===== Records to process

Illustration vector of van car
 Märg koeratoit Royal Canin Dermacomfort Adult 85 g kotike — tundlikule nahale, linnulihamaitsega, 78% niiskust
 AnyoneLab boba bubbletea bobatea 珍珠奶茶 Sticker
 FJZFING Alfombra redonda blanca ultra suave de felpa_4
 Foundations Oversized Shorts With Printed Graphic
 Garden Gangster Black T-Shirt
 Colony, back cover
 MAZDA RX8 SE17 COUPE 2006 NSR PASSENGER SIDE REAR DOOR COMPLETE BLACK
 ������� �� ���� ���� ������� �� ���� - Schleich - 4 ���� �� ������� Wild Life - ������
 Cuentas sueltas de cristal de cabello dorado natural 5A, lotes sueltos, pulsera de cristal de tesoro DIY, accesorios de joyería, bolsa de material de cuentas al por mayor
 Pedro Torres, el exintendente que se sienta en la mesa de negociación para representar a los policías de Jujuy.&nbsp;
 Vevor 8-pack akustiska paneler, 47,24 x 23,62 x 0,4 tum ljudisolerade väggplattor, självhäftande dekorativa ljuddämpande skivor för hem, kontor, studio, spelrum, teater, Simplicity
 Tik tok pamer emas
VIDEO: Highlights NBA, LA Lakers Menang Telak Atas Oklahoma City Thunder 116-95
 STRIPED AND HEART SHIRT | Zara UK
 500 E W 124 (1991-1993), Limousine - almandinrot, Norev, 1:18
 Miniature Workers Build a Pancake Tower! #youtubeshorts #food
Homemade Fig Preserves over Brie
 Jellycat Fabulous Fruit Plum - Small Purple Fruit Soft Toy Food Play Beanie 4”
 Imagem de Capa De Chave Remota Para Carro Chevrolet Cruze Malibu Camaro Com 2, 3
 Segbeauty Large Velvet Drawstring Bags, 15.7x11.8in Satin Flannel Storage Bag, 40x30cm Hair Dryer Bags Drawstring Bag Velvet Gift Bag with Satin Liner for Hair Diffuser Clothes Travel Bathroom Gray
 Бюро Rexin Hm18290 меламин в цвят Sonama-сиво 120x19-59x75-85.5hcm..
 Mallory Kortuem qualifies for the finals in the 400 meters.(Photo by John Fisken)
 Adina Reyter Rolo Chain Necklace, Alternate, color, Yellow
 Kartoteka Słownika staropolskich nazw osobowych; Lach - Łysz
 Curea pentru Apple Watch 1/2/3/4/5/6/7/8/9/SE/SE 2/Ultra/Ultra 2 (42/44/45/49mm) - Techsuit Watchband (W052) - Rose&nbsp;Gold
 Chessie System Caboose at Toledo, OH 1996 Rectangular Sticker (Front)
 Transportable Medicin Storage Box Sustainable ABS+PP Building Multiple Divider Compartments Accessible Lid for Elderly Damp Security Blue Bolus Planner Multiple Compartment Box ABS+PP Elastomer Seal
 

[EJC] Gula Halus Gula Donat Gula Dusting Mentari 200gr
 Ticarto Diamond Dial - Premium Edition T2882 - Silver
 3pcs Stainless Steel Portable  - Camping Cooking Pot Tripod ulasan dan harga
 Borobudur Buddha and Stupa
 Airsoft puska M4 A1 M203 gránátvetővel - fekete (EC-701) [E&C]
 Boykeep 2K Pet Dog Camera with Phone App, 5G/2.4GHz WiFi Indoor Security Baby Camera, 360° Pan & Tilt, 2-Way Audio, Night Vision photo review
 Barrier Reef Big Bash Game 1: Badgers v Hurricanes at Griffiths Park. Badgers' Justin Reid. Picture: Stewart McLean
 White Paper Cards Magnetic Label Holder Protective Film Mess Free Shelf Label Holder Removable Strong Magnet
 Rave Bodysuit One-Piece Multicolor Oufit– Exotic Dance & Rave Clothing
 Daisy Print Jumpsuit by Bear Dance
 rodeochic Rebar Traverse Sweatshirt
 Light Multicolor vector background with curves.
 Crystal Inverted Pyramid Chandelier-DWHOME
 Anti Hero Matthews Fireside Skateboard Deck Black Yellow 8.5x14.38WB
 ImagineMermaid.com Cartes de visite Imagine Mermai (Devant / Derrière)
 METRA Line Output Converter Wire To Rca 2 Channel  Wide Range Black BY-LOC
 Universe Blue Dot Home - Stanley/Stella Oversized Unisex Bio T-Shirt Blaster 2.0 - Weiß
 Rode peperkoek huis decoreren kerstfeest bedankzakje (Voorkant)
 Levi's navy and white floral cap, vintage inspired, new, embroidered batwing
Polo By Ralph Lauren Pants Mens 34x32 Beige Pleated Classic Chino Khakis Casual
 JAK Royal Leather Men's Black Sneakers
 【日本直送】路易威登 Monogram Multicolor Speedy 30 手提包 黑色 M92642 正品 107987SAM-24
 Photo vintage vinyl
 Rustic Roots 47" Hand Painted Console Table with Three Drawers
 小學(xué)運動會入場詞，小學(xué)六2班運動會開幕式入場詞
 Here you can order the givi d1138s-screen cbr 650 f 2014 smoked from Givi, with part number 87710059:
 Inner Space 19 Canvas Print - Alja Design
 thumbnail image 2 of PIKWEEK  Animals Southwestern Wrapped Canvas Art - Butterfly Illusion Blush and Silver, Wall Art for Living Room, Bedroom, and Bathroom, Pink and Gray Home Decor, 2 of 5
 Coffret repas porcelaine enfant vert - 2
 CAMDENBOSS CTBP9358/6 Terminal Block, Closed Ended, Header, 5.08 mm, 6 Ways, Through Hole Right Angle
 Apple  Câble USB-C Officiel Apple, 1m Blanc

==========

Faithfully reproduce all of the records, character for character.

### Worked solution
Illustration vector of van car
 Märg koeratoit Royal Canin Dermacomfort Adult 85 g kotike — tundlikule nahale, linnulihamaitsega, 78% niiskust
 AnyoneLab boba bubbletea bobatea 珍珠奶茶 Sticker
 FJZFING Alfombra redonda blanca ultra suave de felpa_4
 Foundations Oversized Shorts With Printed Graphic
 Garden Gangster Black T-Shirt
 Colony, back cover
 MAZDA RX8 SE17 COUPE 2006 NSR PASSENGER SIDE REAR DOOR COMPLETE BLACK
 ������� �� ���� ���� ������� �� ���� - Schleich - 4 ���� �� ������� Wild Life - ������
 Cuentas sueltas de cristal de cabello dorado natural 5A, lotes sueltos, pulsera de cristal de tesoro DIY, accesorios de joyería, bolsa de material de cuentas al por mayor
 Pedro Torres, el exintendente que se sienta en la mesa de negociación para representar a los policías de Jujuy.&nbsp;
 Vevor 8-pack akustiska paneler, 47,24 x 23,62 x 0,4 tum ljudisolerade väggplattor, självhäftande dekorativa ljuddämpande skivor för hem, kontor, studio, spelrum, teater, Simplicity
 Tik tok pamer emas
VIDEO: Highlights NBA, LA Lakers Menang Telak Atas Oklahoma City Thunder 116-95
 STRIPED AND HEART SHIRT | Zara UK
 500 E W 124 (1991-1993), Limousine - almandinrot, Norev, 1:18
 Miniature Workers Build a Pancake Tower! #youtubeshorts #food
Homemade Fig Preserves over Brie
 Jellycat Fabulous Fruit Plum - Small Purple Fruit Soft Toy Food Play Beanie 4”
 Imagem de Capa De Chave Remota Para Carro Chevrolet Cruze Malibu Camaro Com 2, 3
 Segbeauty Large Velvet Drawstring Bags, 15.7x11.8in Satin Flannel Storage Bag, 40x30cm Hair Dryer Bags Drawstring Bag Velvet Gift Bag with Satin Liner for Hair Diffuser Clothes Travel Bathroom Gray
 Бюро Rexin Hm18290 меламин в цвят Sonama-сиво 120x19-59x75-85.5hcm..
 Mallory Kortuem qualifies for the finals in the 400 meters.(Photo by John Fisken)
 Adina Reyter Rolo Chain Necklace, Alternate, color, Yellow
 Kartoteka Słownika staropolskich nazw osobowych; Lach - Łysz
 Curea pentru Apple Watch 1/2/3/4/5/6/7/8/9/SE/SE 2/Ultra/Ultra 2 (42/44/45/49mm) - Techsuit Watchband (W052) - Rose&nbsp;Gold
 Chessie System Caboose at Toledo, OH 1996 Rectangular Sticker (Front)
 Transportable Medicin Storage Box Sustainable ABS+PP Building Multiple Divider Compartments Accessible Lid for Elderly Damp Security Blue Bolus Planner Multiple Compartment Box ABS+PP Elastomer Seal
 

[EJC] Gula Halus Gula Donat Gula Dusting Mentari 200gr
 Ticarto Diamond Dial - Premium Edition T2882 - Silver
 3pcs Stainless Steel Portable  - Camping Cooking Pot Tripod ulasan dan harga
 Borobudur Buddha and Stupa
 Airsoft puska M4 A1 M203 gránátvetővel - fekete (EC-701) [E&C]
 Boykeep 2K Pet Dog Camera with Phone App, 5G/2.4GHz WiFi Indoor Security Baby Camera, 360° Pan & Tilt, 2-Way Audio, Night Vision photo review
 Barrier Reef Big Bash Game 1: Badgers v Hurricanes at Griffiths Park. Badgers' Justin Reid. Picture: Stewart McLean
 White Paper Cards Magnetic Label Holder Protective Film Mess Free Shelf Label Holder Removable Strong Magnet
 Rave Bodysuit One-Piece Multicolor Oufit– Exotic Dance & Rave Clothing
 Daisy Print Jumpsuit by Bear Dance
 rodeochic Rebar Traverse Sweatshirt
 Light Multicolor vector background with curves.
 Crystal Inverted Pyramid Chandelier-DWHOME
 Anti Hero Matthews Fireside Skateboard Deck Black Yellow 8.5x14.38WB
 ImagineMermaid.com Cartes de visite Imagine Mermai (Devant / Derrière)
 METRA Line Output Converter Wire To Rca 2 Channel  Wide Range Black BY-LOC
 Universe Blue Dot Home - Stanley/Stella Oversized Unisex Bio T-Shirt Blaster 2.0 - Weiß
 Rode peperkoek huis decoreren kerstfeest bedankzakje (Voorkant)
 Levi's navy and white floral cap, vintage inspired, new, embroidered batwing
Polo By Ralph Lauren Pants Mens 34x32 Beige Pleated Classic Chino Khakis Casual
 JAK Royal Leather Men's Black Sneakers
 【日本直送】路易威登 Monogram Multicolor Speedy 30 手提包 黑色 M92642 正品 107987SAM-24
 Photo vintage vinyl
 Rustic Roots 47" Hand Painted Console Table with Three Drawers
 小學(xué)運動會入場詞，小學(xué)六2班運動會開幕式入場詞
 Here you can order the givi d1138s-screen cbr 650 f 2014 smoked from Givi, with part number 87710059:
 Inner Space 19 Canvas Print - Alja Design
 thumbnail image 2 of PIKWEEK  Animals Southwestern Wrapped Canvas Art - Butterfly Illusion Blush and Silver, Wall Art for Living Room, Bedroom, and Bathroom, Pink and Gray Home Decor, 2 of 5
 Coffret repas porcelaine enfant vert - 2
 CAMDENBOSS CTBP9358/6 Terminal Block, Closed Ended, Header, 5.08 mm, 6 Ways, Through Hole Right Angle
 Apple  Câble USB-C Officiel Apple, 1m Blanc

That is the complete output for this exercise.